» WHAT IS BEING ASKED
From the records below, set down exactly the lines starting with the line that contains "2022 TESLA MODEL Y" and going on through the line that contains "岸優太「バナナ・リパブリック". Nothing else is wanted.

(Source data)
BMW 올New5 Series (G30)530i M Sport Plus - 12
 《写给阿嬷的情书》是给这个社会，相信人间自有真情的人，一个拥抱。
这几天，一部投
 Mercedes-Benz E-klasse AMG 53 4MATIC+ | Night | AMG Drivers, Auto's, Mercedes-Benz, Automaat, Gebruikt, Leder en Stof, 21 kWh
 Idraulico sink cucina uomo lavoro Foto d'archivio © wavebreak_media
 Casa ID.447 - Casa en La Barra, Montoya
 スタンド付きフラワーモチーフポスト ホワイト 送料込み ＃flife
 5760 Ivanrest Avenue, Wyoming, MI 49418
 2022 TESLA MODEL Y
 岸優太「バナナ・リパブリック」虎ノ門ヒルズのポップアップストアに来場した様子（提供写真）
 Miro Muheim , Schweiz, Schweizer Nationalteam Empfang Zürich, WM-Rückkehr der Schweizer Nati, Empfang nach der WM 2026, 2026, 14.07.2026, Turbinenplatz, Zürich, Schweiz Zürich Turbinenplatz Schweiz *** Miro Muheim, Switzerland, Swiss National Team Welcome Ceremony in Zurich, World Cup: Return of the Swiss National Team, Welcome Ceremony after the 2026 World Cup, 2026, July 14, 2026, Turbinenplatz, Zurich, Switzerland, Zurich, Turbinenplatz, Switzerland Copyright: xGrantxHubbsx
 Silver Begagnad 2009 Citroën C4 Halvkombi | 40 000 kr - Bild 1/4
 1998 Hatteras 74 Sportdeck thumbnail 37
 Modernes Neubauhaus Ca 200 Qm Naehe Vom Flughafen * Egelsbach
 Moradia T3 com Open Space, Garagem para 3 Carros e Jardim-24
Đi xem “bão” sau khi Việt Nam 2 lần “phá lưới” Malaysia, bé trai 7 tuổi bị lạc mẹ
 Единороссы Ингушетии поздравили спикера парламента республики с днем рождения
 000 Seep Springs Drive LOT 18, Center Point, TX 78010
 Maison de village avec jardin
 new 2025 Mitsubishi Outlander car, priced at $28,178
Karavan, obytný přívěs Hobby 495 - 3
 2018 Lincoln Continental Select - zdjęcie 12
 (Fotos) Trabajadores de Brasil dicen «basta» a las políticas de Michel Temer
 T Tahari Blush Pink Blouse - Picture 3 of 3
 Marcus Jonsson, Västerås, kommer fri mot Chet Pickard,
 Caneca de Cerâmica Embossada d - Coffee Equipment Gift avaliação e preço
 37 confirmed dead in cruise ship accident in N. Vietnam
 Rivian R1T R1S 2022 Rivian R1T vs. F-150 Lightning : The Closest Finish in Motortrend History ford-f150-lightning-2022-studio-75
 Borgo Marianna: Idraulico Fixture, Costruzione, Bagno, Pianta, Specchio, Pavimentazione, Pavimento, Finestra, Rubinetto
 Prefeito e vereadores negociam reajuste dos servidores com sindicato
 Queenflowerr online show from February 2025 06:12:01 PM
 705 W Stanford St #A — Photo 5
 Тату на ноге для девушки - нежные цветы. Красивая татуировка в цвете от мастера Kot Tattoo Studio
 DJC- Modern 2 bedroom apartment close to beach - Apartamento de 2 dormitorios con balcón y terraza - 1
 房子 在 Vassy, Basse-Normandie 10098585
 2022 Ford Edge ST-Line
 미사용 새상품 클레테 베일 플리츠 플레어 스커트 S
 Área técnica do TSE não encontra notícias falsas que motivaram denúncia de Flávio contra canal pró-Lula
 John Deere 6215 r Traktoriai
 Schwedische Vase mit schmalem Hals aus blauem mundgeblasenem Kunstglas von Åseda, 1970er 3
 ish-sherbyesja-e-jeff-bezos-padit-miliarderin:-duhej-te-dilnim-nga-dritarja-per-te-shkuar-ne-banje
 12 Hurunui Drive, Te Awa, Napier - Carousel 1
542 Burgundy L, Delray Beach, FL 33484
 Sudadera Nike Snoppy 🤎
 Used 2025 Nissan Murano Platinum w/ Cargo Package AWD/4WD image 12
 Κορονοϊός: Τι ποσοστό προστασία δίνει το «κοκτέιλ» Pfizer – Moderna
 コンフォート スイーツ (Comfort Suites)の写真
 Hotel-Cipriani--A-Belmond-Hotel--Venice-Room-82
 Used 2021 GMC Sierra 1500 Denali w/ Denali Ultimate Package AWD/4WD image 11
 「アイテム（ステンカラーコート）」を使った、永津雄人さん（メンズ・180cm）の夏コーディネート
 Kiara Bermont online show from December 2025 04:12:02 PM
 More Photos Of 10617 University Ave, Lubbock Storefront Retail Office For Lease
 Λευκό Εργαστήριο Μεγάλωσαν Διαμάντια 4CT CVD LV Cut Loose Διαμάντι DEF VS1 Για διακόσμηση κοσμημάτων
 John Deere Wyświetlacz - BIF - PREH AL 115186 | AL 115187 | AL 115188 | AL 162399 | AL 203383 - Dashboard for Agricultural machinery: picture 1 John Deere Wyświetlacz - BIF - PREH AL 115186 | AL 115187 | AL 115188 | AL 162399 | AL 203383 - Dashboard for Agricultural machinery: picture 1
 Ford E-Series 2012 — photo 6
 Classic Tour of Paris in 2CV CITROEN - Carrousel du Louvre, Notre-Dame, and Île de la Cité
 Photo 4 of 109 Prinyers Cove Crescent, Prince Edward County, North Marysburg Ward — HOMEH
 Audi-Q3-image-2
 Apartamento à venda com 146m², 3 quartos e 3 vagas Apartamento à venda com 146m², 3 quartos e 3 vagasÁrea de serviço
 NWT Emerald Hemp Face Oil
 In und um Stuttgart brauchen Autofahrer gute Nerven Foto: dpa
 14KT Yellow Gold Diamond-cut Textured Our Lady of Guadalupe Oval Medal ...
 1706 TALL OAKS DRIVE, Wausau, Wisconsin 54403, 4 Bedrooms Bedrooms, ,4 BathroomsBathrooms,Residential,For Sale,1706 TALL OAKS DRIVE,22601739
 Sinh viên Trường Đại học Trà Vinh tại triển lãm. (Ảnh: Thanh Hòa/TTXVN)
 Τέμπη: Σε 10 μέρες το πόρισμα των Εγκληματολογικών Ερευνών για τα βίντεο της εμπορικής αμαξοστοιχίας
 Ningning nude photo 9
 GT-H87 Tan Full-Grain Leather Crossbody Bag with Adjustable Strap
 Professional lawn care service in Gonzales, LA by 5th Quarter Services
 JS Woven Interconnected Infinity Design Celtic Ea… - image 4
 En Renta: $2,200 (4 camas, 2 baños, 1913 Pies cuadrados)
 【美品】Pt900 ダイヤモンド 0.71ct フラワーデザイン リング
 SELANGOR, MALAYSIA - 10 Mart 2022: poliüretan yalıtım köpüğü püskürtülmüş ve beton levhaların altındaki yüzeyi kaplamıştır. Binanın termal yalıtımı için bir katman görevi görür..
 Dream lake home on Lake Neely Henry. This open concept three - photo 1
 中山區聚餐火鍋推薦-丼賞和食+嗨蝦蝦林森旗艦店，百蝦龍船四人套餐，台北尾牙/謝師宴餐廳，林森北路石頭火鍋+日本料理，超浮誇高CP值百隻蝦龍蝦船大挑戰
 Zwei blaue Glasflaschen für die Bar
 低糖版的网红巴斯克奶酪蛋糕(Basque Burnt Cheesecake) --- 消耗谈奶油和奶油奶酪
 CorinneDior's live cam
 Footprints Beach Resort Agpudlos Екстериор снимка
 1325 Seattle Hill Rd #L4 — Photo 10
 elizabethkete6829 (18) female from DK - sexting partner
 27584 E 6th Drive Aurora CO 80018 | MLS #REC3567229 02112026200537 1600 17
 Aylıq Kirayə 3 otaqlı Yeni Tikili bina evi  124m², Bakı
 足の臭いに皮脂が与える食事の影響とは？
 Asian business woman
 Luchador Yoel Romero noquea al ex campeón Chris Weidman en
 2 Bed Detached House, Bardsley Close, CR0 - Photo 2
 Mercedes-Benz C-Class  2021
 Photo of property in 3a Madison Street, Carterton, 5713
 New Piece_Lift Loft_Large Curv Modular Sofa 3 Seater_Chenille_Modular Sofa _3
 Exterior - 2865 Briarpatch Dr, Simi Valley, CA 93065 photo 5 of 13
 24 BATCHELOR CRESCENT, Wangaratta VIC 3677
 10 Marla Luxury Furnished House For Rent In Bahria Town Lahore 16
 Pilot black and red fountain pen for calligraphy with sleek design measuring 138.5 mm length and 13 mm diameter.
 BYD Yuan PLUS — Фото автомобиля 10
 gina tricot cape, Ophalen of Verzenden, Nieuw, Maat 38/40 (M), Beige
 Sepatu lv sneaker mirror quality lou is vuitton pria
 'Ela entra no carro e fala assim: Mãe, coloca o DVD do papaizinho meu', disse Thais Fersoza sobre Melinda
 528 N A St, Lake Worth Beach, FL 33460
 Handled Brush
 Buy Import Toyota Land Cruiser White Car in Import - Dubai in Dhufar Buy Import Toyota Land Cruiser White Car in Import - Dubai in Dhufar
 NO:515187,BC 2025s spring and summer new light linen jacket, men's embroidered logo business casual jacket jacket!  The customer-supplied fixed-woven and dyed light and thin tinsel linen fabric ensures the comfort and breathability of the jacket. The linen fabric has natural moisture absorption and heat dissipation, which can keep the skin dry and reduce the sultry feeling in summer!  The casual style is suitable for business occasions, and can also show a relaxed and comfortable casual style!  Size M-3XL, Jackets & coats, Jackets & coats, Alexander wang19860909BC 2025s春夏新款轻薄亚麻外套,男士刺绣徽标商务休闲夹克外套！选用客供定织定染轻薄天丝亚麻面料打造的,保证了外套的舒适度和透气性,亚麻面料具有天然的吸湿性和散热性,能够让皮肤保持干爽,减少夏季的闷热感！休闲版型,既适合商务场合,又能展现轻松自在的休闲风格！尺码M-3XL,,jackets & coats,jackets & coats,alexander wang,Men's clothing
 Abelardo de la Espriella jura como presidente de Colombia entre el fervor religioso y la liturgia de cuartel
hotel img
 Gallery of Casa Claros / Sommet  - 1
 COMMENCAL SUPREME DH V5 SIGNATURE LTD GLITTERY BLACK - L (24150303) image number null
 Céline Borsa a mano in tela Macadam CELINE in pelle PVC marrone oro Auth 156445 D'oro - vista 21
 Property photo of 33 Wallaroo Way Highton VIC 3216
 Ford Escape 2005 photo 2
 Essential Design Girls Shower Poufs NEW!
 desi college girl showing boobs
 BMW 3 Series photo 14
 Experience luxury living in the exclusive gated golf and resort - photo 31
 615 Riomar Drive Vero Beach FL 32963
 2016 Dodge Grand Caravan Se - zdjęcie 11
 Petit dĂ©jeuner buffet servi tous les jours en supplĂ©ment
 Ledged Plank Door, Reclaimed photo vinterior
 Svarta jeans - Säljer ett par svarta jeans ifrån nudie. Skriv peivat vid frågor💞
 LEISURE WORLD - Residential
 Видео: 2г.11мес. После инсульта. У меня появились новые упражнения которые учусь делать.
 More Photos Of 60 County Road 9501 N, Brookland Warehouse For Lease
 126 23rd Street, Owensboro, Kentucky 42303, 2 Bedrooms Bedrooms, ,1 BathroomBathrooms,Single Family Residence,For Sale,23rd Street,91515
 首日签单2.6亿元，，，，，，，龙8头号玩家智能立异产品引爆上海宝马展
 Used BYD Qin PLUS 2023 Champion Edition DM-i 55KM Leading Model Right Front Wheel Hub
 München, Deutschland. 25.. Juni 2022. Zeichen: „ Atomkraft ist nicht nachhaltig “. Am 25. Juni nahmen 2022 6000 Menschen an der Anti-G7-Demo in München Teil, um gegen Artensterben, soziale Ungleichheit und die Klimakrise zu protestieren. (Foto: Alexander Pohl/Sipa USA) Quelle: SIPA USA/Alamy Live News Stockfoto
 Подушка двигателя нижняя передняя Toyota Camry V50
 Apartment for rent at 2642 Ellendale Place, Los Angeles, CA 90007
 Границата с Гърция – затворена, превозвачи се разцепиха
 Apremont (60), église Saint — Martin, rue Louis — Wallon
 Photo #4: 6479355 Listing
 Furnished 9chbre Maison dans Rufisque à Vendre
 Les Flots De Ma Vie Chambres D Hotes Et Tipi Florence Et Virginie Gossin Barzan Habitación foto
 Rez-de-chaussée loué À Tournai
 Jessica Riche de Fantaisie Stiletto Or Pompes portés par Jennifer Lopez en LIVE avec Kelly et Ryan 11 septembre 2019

» SOLUTION TO THIS EXERCISE
 2022 TESLA MODEL Y
 岸優太「バナナ・リパブリック」虎ノ門ヒルズのポップアップストアに来場した様子（提供写真）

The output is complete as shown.